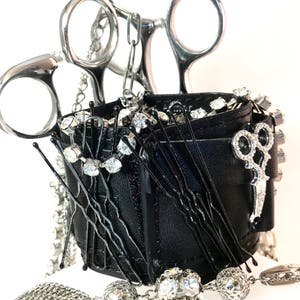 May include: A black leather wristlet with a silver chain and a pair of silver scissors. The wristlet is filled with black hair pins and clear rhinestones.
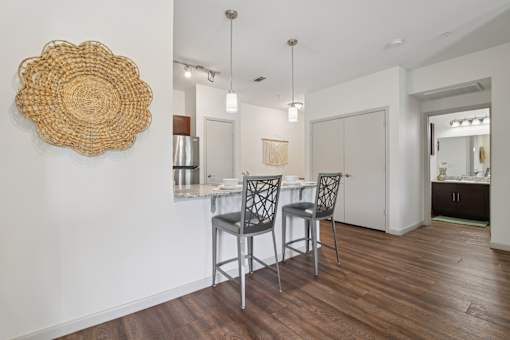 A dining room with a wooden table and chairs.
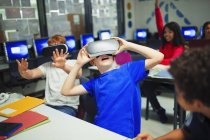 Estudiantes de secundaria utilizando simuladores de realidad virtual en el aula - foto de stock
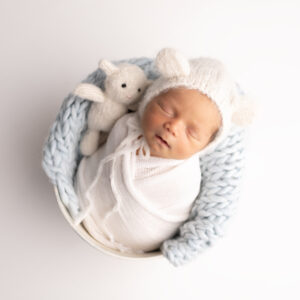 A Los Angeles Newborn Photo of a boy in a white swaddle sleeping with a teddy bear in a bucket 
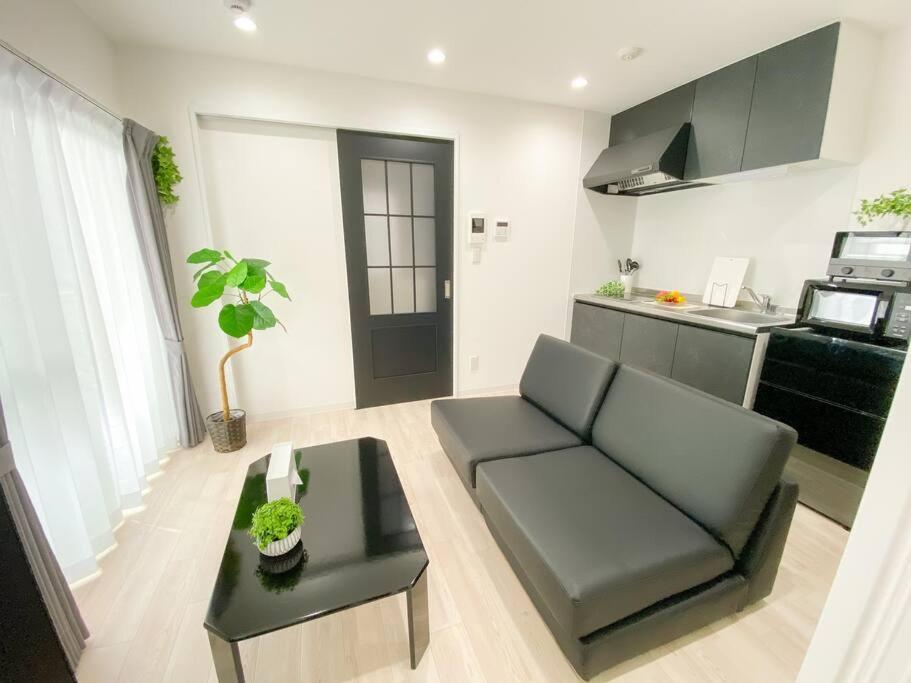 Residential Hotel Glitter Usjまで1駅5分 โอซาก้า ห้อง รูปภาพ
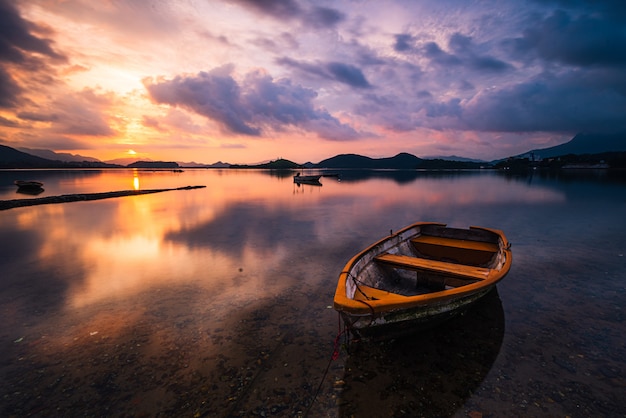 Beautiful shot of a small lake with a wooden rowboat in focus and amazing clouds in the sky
####
Each line from the one holding "A dining room" to the end of the records above must be copied exactly; the pictures must not be copied.

 A dining room with a wooden table and chairs.
 Estudiantes de secundaria utilizando simuladores de realidad virtual en el aula - foto de stock
 A Los Angeles Newborn Photo of a boy in a white swaddle sleeping with a teddy bear in a bucket 
 Residential Hotel Glitter Usjまで1駅5分 โอซาก้า ห้อง รูปภาพ
 Beautiful shot of a small lake with a wooden rowboat in focus and amazing clouds in the sky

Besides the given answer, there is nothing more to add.